Dataset excerpts —
__________

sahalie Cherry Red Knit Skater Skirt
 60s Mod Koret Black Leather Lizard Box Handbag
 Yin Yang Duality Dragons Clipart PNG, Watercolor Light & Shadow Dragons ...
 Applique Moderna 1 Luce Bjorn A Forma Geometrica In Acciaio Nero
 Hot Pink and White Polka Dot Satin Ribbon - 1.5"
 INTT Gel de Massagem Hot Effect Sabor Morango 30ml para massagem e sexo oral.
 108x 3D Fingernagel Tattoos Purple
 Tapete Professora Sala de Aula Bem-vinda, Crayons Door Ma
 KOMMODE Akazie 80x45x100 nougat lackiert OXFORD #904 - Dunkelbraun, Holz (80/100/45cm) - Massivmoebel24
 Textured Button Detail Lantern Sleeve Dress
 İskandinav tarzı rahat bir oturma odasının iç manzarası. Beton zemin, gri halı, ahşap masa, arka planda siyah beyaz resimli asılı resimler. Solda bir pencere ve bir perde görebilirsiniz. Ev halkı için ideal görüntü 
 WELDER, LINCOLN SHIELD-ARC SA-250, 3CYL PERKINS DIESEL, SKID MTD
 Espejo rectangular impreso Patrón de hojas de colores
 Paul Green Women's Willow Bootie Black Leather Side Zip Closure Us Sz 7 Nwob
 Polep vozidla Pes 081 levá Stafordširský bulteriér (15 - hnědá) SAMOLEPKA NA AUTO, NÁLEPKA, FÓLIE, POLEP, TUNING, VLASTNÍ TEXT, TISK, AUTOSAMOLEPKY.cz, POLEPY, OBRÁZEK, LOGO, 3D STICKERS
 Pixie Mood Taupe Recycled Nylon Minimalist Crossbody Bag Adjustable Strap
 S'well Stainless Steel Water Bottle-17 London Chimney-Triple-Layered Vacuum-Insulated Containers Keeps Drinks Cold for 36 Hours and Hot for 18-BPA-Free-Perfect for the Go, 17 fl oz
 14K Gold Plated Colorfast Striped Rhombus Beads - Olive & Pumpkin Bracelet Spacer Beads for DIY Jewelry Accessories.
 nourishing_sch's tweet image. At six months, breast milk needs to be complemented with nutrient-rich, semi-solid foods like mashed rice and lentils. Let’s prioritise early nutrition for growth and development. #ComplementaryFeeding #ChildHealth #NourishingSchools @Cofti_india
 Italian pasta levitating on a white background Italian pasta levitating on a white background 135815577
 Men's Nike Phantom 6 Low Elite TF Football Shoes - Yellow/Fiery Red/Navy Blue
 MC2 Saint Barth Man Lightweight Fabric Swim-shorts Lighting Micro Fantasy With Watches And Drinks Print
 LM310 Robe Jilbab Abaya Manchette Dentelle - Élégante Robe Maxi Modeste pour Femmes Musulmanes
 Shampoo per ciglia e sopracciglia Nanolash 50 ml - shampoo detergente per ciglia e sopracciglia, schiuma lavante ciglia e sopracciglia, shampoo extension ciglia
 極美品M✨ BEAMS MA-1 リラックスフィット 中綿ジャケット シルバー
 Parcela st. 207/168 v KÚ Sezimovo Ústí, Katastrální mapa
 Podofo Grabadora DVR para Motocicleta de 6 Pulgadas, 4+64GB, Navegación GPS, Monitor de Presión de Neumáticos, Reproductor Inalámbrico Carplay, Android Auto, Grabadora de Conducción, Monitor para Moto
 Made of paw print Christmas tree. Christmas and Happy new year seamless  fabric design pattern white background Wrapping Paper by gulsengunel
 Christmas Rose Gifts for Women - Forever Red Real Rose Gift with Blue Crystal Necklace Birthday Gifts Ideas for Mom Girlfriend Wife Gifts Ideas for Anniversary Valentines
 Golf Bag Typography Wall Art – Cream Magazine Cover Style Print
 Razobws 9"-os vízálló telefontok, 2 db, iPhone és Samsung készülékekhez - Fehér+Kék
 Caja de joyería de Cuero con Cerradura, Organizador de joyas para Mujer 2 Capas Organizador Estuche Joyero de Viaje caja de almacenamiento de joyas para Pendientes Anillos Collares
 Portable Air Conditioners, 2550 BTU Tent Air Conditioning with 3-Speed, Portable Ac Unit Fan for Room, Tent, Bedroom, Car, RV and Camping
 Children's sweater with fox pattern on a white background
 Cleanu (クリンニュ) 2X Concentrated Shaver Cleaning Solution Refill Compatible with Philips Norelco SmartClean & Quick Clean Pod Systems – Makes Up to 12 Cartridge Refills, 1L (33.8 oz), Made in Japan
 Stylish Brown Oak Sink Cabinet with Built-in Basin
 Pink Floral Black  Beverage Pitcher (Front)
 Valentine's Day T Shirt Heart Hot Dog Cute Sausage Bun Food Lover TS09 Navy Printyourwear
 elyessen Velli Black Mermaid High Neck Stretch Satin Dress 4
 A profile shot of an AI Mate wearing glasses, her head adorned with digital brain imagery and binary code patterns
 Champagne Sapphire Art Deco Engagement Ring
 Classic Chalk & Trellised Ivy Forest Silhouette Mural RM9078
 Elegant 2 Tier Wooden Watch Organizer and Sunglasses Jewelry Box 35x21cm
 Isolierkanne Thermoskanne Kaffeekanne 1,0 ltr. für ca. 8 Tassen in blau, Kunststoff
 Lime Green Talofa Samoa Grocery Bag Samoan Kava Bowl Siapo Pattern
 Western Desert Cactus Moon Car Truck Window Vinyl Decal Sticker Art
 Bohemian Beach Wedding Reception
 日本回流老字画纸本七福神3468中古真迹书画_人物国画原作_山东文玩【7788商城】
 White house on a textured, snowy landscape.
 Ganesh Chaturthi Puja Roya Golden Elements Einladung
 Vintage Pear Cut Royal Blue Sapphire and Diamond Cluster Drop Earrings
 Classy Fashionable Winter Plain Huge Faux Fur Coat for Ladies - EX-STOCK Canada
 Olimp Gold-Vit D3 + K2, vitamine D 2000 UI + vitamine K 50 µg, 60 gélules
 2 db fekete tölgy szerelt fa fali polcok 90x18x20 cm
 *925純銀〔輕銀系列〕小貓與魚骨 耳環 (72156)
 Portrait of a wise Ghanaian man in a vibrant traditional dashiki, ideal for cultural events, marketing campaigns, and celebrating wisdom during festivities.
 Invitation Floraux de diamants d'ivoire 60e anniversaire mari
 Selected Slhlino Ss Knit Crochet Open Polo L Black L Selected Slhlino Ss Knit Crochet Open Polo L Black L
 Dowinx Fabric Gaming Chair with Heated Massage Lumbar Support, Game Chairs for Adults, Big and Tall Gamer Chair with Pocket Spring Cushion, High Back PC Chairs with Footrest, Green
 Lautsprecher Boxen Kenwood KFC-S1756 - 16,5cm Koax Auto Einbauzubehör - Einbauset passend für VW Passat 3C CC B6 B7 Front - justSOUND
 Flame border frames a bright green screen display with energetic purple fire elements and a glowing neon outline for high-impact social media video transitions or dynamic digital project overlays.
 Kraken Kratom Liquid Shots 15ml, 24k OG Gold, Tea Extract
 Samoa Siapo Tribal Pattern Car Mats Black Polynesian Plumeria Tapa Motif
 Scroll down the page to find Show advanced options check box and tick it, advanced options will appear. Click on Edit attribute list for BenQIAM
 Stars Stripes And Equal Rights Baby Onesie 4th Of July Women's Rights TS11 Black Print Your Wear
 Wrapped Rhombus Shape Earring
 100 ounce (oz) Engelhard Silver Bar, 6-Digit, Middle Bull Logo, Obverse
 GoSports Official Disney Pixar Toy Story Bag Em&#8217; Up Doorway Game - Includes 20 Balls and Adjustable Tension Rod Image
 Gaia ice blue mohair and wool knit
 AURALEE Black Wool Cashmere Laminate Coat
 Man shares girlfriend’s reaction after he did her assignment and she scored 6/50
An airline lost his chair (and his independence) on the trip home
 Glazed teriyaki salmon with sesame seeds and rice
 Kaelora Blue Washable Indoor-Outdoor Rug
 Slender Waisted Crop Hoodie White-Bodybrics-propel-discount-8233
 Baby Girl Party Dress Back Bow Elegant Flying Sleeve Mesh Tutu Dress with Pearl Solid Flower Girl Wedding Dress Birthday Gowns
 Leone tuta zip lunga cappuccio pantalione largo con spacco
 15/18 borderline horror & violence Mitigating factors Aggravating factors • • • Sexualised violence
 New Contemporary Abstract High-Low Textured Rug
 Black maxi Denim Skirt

__________

What to do — Find each line in the records holding the string "Samoa" and show it.

Answer section —
 Lime Green Talofa Samoa Grocery Bag Samoan Kava Bowl Siapo Pattern
 Samoa Siapo Tribal Pattern Car Mats Black Polynesian Plumeria Tapa Motif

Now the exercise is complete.